=== Description of the task ===
Nothing should differ between your answer and the records.

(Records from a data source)

++++++++++++++++++++

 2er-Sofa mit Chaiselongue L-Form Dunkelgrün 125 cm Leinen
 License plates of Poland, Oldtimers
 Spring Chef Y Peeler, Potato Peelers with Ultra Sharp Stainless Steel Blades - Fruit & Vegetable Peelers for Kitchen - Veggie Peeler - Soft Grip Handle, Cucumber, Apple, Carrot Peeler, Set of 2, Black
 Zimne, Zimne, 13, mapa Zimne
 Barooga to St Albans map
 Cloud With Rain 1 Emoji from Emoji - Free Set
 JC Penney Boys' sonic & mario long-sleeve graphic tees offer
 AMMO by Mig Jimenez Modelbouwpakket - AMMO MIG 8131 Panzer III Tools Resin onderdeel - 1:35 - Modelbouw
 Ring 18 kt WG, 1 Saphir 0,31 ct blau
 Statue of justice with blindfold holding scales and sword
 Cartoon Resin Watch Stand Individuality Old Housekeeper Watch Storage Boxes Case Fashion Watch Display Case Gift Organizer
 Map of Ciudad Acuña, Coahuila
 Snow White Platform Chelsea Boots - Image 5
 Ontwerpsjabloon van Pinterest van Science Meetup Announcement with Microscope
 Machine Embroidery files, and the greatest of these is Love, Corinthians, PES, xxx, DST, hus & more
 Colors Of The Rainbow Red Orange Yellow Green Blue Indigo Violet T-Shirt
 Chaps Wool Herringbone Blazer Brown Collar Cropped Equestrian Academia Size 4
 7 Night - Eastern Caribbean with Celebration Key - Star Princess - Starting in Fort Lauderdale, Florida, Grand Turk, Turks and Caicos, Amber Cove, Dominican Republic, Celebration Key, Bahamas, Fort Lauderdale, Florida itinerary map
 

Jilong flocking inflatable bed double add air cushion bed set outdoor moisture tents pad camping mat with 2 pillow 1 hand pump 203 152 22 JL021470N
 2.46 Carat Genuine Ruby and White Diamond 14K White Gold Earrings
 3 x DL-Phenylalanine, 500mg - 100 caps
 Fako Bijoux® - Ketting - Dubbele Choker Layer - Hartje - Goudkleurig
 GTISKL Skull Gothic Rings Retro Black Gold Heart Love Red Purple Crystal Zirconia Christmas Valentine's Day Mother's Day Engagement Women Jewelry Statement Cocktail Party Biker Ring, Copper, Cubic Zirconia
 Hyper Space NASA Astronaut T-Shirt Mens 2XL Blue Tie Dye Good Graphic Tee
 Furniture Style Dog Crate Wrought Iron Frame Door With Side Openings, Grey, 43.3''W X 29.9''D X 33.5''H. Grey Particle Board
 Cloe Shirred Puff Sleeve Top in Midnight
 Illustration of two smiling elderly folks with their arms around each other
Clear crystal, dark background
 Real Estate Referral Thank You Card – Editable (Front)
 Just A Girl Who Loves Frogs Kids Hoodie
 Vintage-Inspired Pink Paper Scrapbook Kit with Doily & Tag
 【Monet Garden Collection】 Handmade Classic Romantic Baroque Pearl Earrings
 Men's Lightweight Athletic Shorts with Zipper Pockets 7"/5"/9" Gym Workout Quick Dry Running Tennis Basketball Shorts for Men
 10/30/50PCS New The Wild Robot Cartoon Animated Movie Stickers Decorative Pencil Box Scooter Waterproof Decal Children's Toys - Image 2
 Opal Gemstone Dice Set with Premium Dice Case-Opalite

++++++++++++++++++++

=== Response to the task ===
 2er-Sofa mit Chaiselongue L-Form Dunkelgrün 125 cm Leinen
 License plates of Poland, Oldtimers
 Spring Chef Y Peeler, Potato Peelers with Ultra Sharp Stainless Steel Blades - Fruit & Vegetable Peelers for Kitchen - Veggie Peeler - Soft Grip Handle, Cucumber, Apple, Carrot Peeler, Set of 2, Black
 Zimne, Zimne, 13, mapa Zimne
 Barooga to St Albans map
 Cloud With Rain 1 Emoji from Emoji - Free Set
 JC Penney Boys' sonic & mario long-sleeve graphic tees offer
 AMMO by Mig Jimenez Modelbouwpakket - AMMO MIG 8131 Panzer III Tools Resin onderdeel - 1:35 - Modelbouw
 Ring 18 kt WG, 1 Saphir 0,31 ct blau
 Statue of justice with blindfold holding scales and sword
 Cartoon Resin Watch Stand Individuality Old Housekeeper Watch Storage Boxes Case Fashion Watch Display Case Gift Organizer
 Map of Ciudad Acuña, Coahuila
 Snow White Platform Chelsea Boots - Image 5
 Ontwerpsjabloon van Pinterest van Science Meetup Announcement with Microscope
 Machine Embroidery files, and the greatest of these is Love, Corinthians, PES, xxx, DST, hus & more
 Colors Of The Rainbow Red Orange Yellow Green Blue Indigo Violet T-Shirt
 Chaps Wool Herringbone Blazer Brown Collar Cropped Equestrian Academia Size 4
 7 Night - Eastern Caribbean with Celebration Key - Star Princess - Starting in Fort Lauderdale, Florida, Grand Turk, Turks and Caicos, Amber Cove, Dominican Republic, Celebration Key, Bahamas, Fort Lauderdale, Florida itinerary map
 

Jilong flocking inflatable bed double add air cushion bed set outdoor moisture tents pad camping mat with 2 pillow 1 hand pump 203 152 22 JL021470N
 2.46 Carat Genuine Ruby and White Diamond 14K White Gold Earrings
 3 x DL-Phenylalanine, 500mg - 100 caps
 Fako Bijoux® - Ketting - Dubbele Choker Layer - Hartje - Goudkleurig
 GTISKL Skull Gothic Rings Retro Black Gold Heart Love Red Purple Crystal Zirconia Christmas Valentine's Day Mother's Day Engagement Women Jewelry Statement Cocktail Party Biker Ring, Copper, Cubic Zirconia
 Hyper Space NASA Astronaut T-Shirt Mens 2XL Blue Tie Dye Good Graphic Tee
 Furniture Style Dog Crate Wrought Iron Frame Door With Side Openings, Grey, 43.3''W X 29.9''D X 33.5''H. Grey Particle Board
 Cloe Shirred Puff Sleeve Top in Midnight
 Illustration of two smiling elderly folks with their arms around each other
Clear crystal, dark background
 Real Estate Referral Thank You Card – Editable (Front)
 Just A Girl Who Loves Frogs Kids Hoodie
 Vintage-Inspired Pink Paper Scrapbook Kit with Doily & Tag
 【Monet Garden Collection】 Handmade Classic Romantic Baroque Pearl Earrings
 Men's Lightweight Athletic Shorts with Zipper Pockets 7"/5"/9" Gym Workout Quick Dry Running Tennis Basketball Shorts for Men
 10/30/50PCS New The Wild Robot Cartoon Animated Movie Stickers Decorative Pencil Box Scooter Waterproof Decal Children's Toys - Image 2
 Opal Gemstone Dice Set with Premium Dice Case-Opalite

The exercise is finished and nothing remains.